Sinazo Notho is a producer at the South African Broadcasting Corporation, South Africa's national broadcaster, where her work focuses on finding and platforming cutting-edge talent, from fine artists to musicians and beyond. Her job, she says, is to make viewers "feel something."

She continues: "[We] want people to watch the shows we work on, which is why I source images of a specific artist, to give the interview weight and importance."

Images, she tells us, help people see what is being spoken about. “Photographers have a way of capturing the soul of a moment that stays with you; you become curious about what was happening at the time the image was taken, and now you want to listen to the interview because you think there will be a moment when the conversation brings the images to life. Using images compresses time. It lets us skip exposition and go straight to feeling. Photographers are culture keepers."

It’s an appreciation she returns to often. "I appreciate the kind of access I get through photographers — the context, because it's never just content, right? The honesty in images, the story, and the style of the imagery form a narrative that resonates with viewers. My job is to be the bridge between the camera and the community. Photographers, culture preservers, people who document culture — they show culture differently. Without photography, culture is invisible. And as a producer, if I get both of those right, I don't just make a show. I make something people will send to their kids one day and say, 'This is where we come from.'"

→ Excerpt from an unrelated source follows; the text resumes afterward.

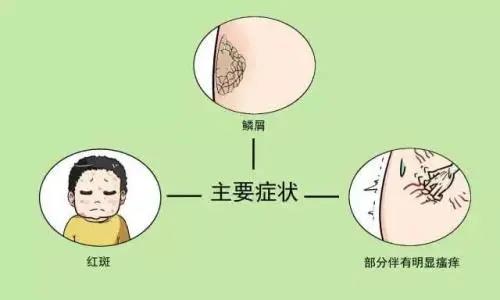 【围观】大妈全身瘙痒起红斑，还脱皮！(图7)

That soul, that connection that Notho speaks about, lands in the frame through hours of endless contact with oneself and one’s devices. Both Pakade and Mhlambi understand the value of reading a room, of knowing when to strike, and when to pull back. Pakade has the fitting language for it. "I often wonder if I'm being an etiquette snob. We try to stay as far away from that as possible, but there's also a reason why practice comes about a certain way or becomes established. Firstly, you're an audience member like everybody else. There's something about respecting the appointment that other people have with the music — whether it's visually, that I'm not in your way. Often, when I move, I'll turn around to the person and be like, I'll just be a minute, I'm so sorry to obscure your view. That matters to me, just to recognize other people's humanity, whether I'm the official photographer or there for myself," she says.

In the time she's been active, Pakade has been in a few photographers' pits where that etiquette was absent. She speaks of an anger she can't explain when people lack basic decency and common courtesy. "It's even in how we approach the musicians on stage. Firstly, it matters just to greet, even if you don't know them. We're not just there to extract; we're saying: you guys are here for a thing, I'm also here for a thing, to be a witness," she says.

"There's a certain energy — I'll call it a masculine energy, for lack of a better word — that matches the language of photography: capture, shooting. There are a lot of clicks, or a person gets so close that the musician is conscious of their presence. Once you build a relationship with people, there's a way you can be close that you know they'll feel comfortable, you know they trust you."

A musician playing a keyboard on stage against a dark curtain background.
Pianist and composer Afrika Mkhize performs at the Sankayi Jazz Series in Johannesburg.

The music and visual worlds have been among the hardest hit by the advent of generative artificial intelligence. With a few prompts, it's possible to generate what might pass for a masterpiece within seconds. But it remains hard to conceive how the technology could replace the soft skills required to build the kind of rapport that sustains Pakade's relationships. 

She theorizes it this way: "There's also choices you make, like when to look and to look away. There are moments where musicians are so vulnerable on stage. It's a quiet thing, and it's an emotion thing. Sometimes the silence is more important than your shot. When you're in that, the last thing you want to hear is a click. The musician is doing a thing that you have to respect. Sometimes they're vulnerable in ways where you're like, I'm glad I'm here to witness it, but I'm gonna let you have this private moment in public."